Section 3 contains provisions relating to ‘Dealing in foreign exchange, etc.’

Section 3(a) states as follows:

"3. Save as otherwise provided in this Act, rules or regulations made thereunder, or with the general or special permission of the Reserve Bank, no person shall: –

  1. deal in or transfer any foreign exchange or foreign security to any person not being an authorized person."

Thus now, the modified compounding powers stand as under:

  1. Reserve Bank has been empowered to compound the contraventions of all the sections of FEMA 1999 except clause (a) of section 3 of the Act ibid.

  2. Directorate of Enforcement would continue to exercise powers of compounding under clause (a) of Section 3 of FEMA.
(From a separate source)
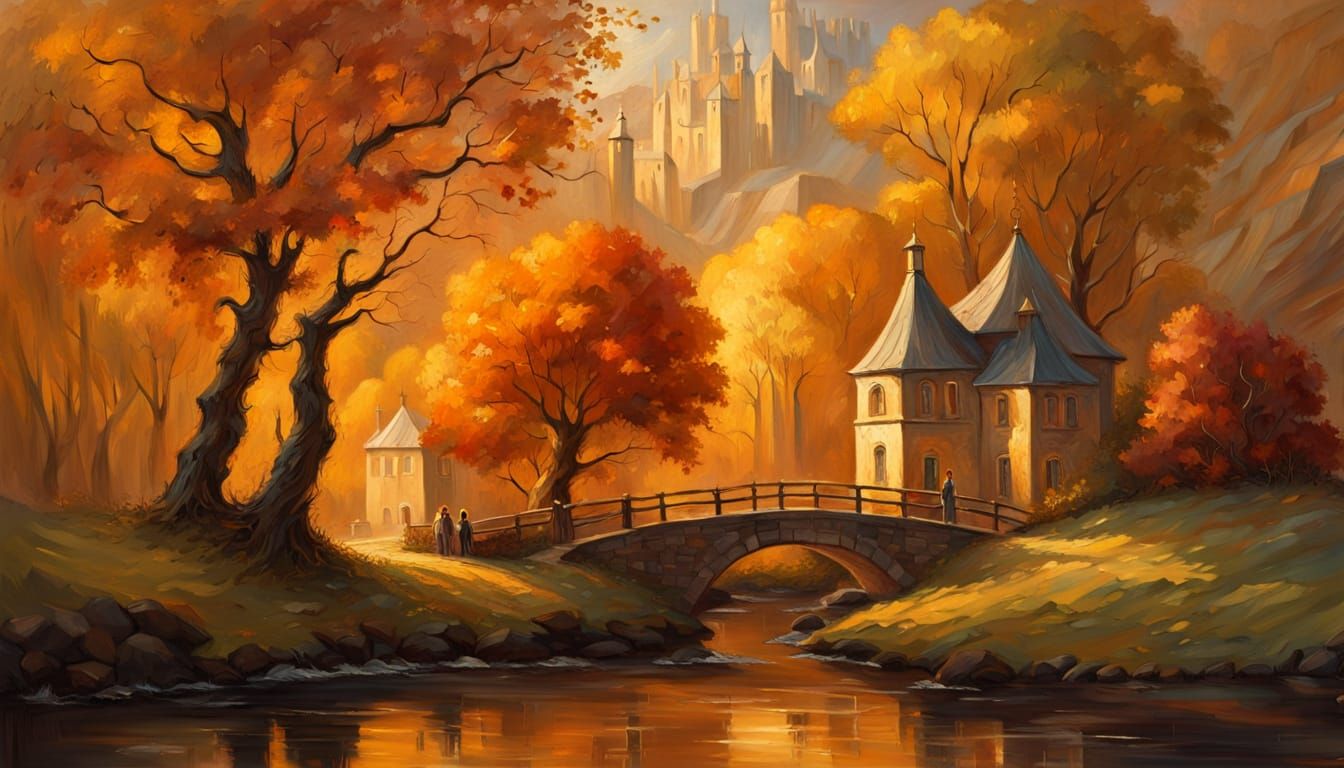 elaborate oil painting. an medieval village by a stream surrounded by autumnal trees with golden leaves. The buildings blend into the trees ...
RBI has set up a Compounding Authority. The application for compounding has to be filed with The Compounding Authority, [Cell for effective implementation of FEMA (CEFA)], Foreign Exchange Department, 11th Floor, Central Office Building, S. B. Singh Road, Fort, Mumbai – 400 001.

The Compounding Authority shall dispose of the matter within 180 days from the date of the receipt of the application. Once the Compounding Authority has compounded a contravention, no proceeding or further proceeding will be initiated or continued, as the case may be, against the contravener.
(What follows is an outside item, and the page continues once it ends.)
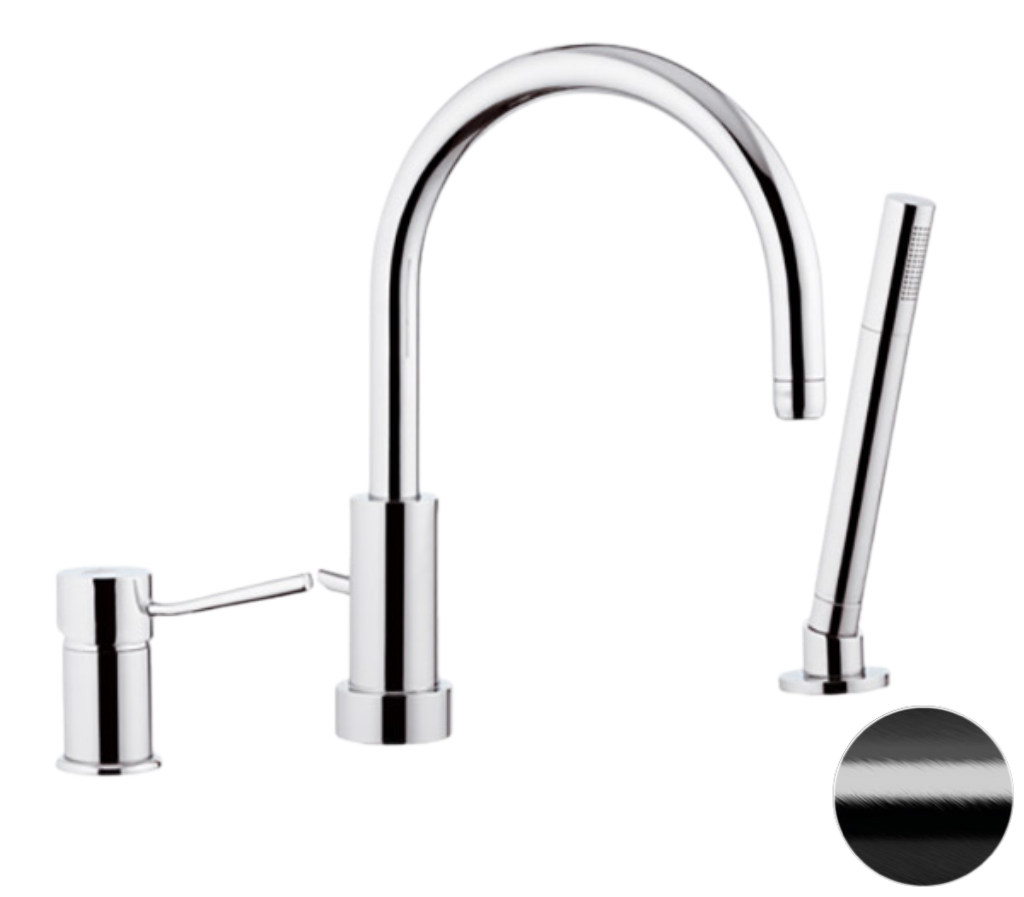 Смеситель для ванны Remer Minimal N072CFP, черный брашированный хром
The amended "Foreign Exchange (Compounding Proceedings) Rules, 2000" Notified vide G.S.R. No. 609 (E) dated September 13, 2004 contains various definitions and other provisions relating to powers of Reserve Bank to compound contravention of any provisions of FEMA 1999 except section 3(a) of the Act, (compounding of which is entrusted to the Enforcement Directorate), the procedure for compounding, payment of amount compounded and consequences of failure to pay such amount, non-compounding in a case where an appeal has been filed, contents of the order of Compounding Authority and supplying the copies to the applicant and the Adjudicating Authority as the case may be. The form in which the applicant has to apply for compounding the contravention has also been given along with the abovementioned amended Rules. Refer Annexure I to A.P. (Dir Series) Circular No. 31 dated February 1, 2005 for text of amended "Foreign Exchange (Compounding Proceedings) Rules, 2000".
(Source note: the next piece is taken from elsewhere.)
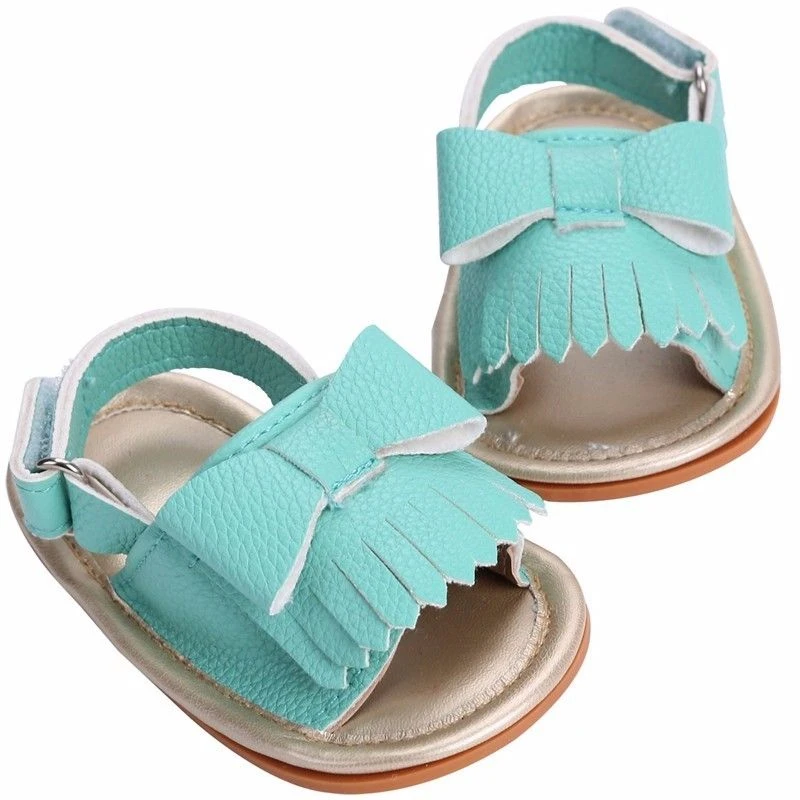 Chaussures d'été mignons pour bébés filles | Chaussures à pompon et nœud en cuir PU pour bébés filles 0-18M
Reserve Bank has also prescribed the procedures for compounding of contravention vide A.P. (Dir Series) Circular No. 31 dated February 1, 2005. Refer Annexure II to the said Circular for the text of the Compounding Process.

Conclusion

Earlier, since the powers of compounding the contraventions vested with the Directorate of Enforcement, lot of hardships were being faced by the contraveners and the procedure was burdensome. However, henceforth most of the powers being transferred to RBI, the procedures shall get simplified and hardships may get reduced.